Craig promised Henry office in Canada, but died soon afterward, and the spy's efforts to obtain his reward in London, meeting with no success, he returned to the United States. En route to the United States in September 1811, he made the acquaintance of one Comte Edouard de Crillon who Henry took into his confidence and to whom he explained the entire affair. De Crillon suggested that Henry sell the correspondence to President Madison as Madison was seeking grounds on which to declare war on Britain.

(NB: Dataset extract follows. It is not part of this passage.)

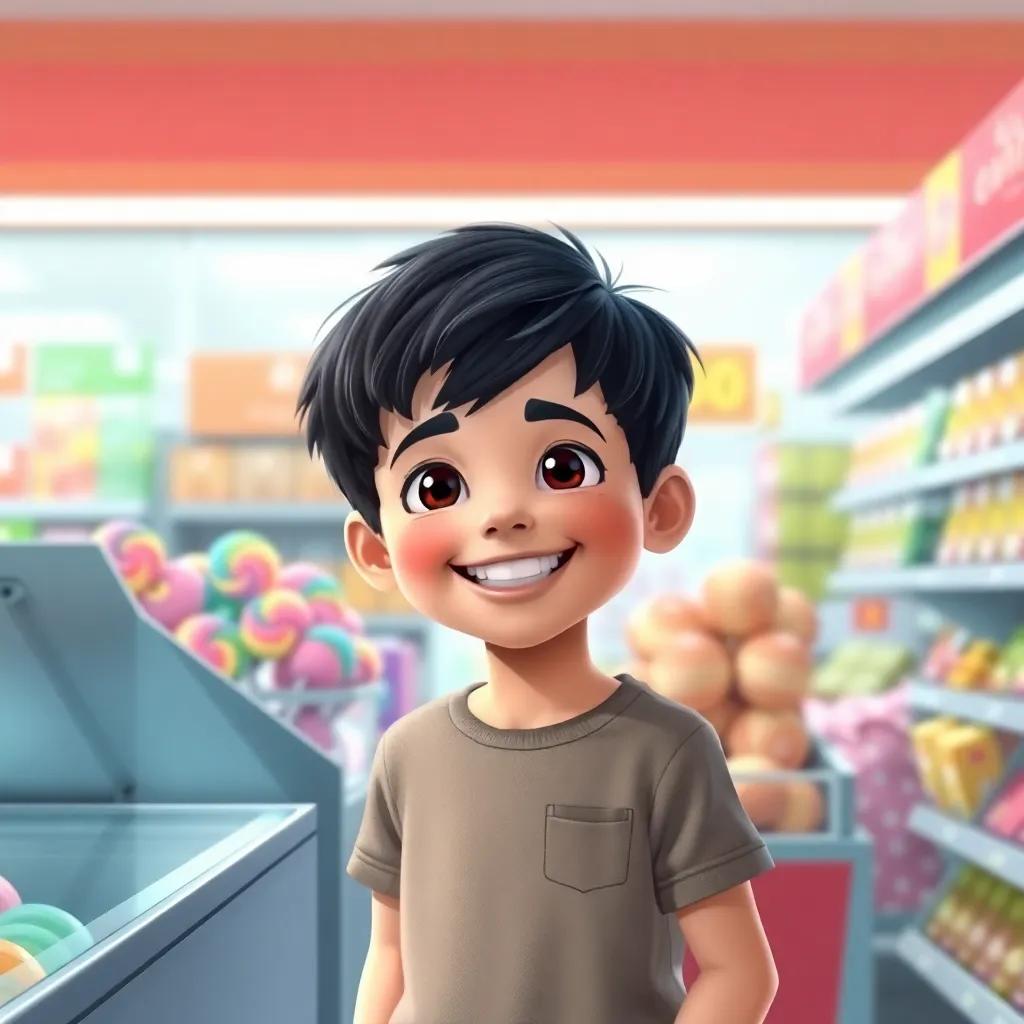 Yousef, a joyful little boy with short black hair, standing by the checkout with colorful lollipops in the background, gleeful mood, bright supermarket, digital painting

In reality, De Crillon was not a French count, but a notorious con artist whose real name was Paul Émile Soubiran.

Henry, on February 10, 1812, sold the documents, called the Henry Papers, to President James Madison, who paid him $50,000 for his information, the other $40,000 of his reward to be guaranteed by the deed to an ancestral estate of de Crillon's. (Some sources state that Henry gave the bulk of the cash to de Crillon in exchange for the deed to de Crillon's estate in France named St. Martial.)

Henry sailed from New York for France aboard the sloop USS Wasp on March 9, 1812. The estate in Gascony granted by the "Count de Crillon" did not exist, as Crillon proved to be an impostor - possibly in the employ of Emperor Napoleon to help distract the United Kingdom in a war with the United States prior to his invasion of Russia.

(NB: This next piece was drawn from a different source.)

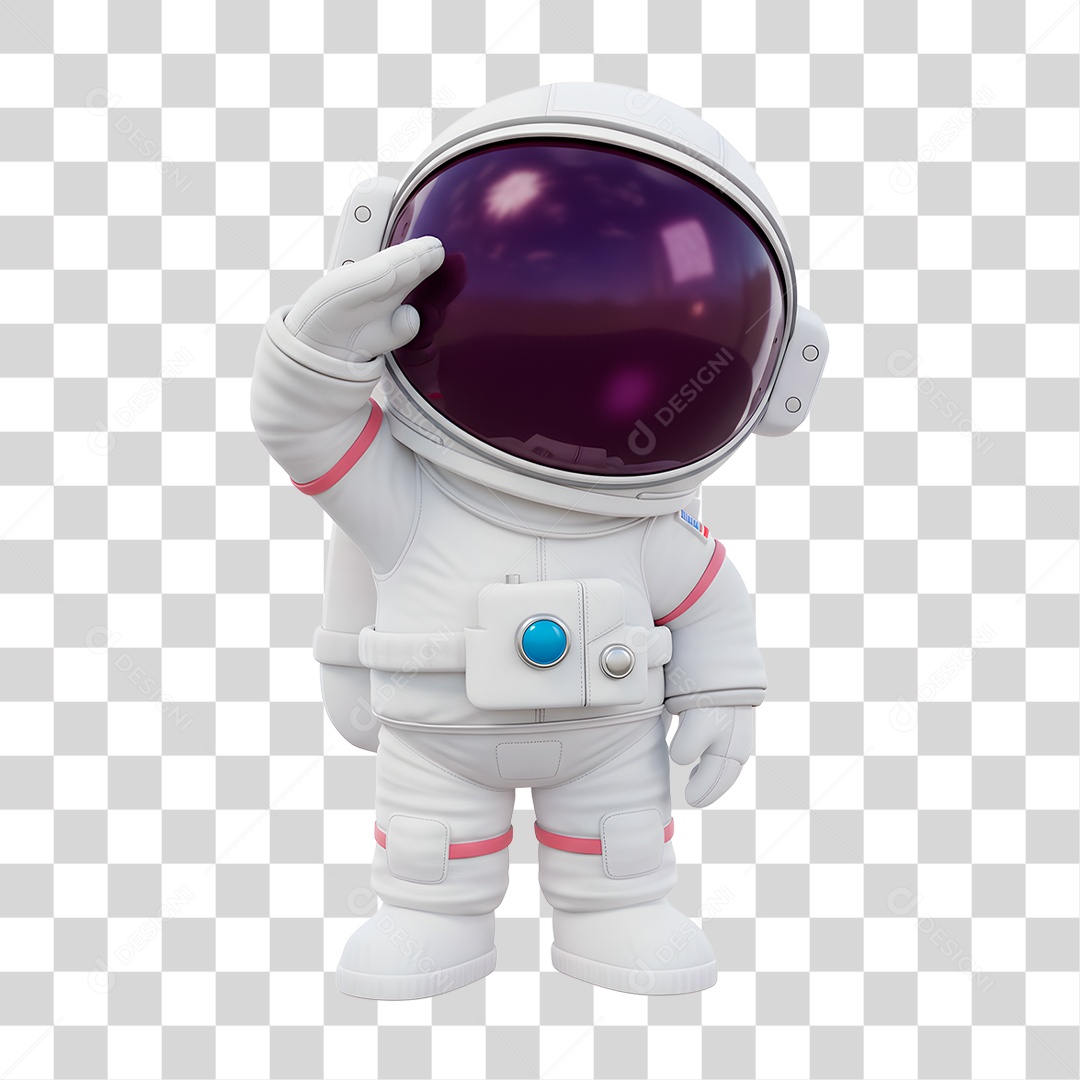 Personagem 3D Astronauta PNG Transparente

His disclosures, although considered by some to be fraudulent, were believed by President Madison and his Republican Party. They were made the subject of a special message to Congress, and created much excitement throughout the country. Some Federalists alleged that it was all a political trick that had been devised by the President to cause war with Great Britain.

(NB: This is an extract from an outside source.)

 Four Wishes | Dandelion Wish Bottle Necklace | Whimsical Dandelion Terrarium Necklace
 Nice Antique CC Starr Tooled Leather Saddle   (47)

Historians have been sharply critical of Madison. Richard Leopold wrote, "In buying sight unseen, in February, 1812, the worthless Henry letters at the cost of a badly needed frigate in order to expose the supposed intrigues of the New England Federalists, Madison and Secretary of State Monroe looked like fools as well as knaves."

==Later life==
The last known report of Henry was that he was employed in 1820 by King George IV to spy on the king's wife, Caroline of Brunswick, while she was living in Rome. George was eager to divorce Caroline because of her suspected adultery of which proof was needed to obtain a legal divorce. Details of Henry's later life are few, but he is believed to have died in Paris in 1853.

==Family==
Henry married Elizabeth Sophia Duché (born on September 18, 1774, in Philadelphia) on May 23, 1799, at Christ Church in Philadelphia. She was the daughter of Reverend Jacob Duché - a once-prominent Episcopal priest at Christ Church and the first official chaplain of the Continental Congress who later went over to the British side and was convicted of high treason against the state of Pennsylvania.

Elizabeth bore him two daughters, Sophia-Duché Henry (b. 1799, d. about 1829) and Elisabeth-Blois Henry (b. 1802, d. after 1882), prior to her untimely death on December 11, 1808, in Montreal at the age of 34.

Elisabeth-Blois Henry married Adolphe de Chanal (who later became a brigadier general in the French army and served in the Franco-Prussian War) on February 24, 1844, in Nantes, France.

When John Henry died, his daughter Elisabeth-Blois inherited his fortune estimated at 319,836 francs. With half of this sum, Elisabeth-Blois and her husband Adolphe de Chanal bought the castle of Sédières in the department of Corrèze in France.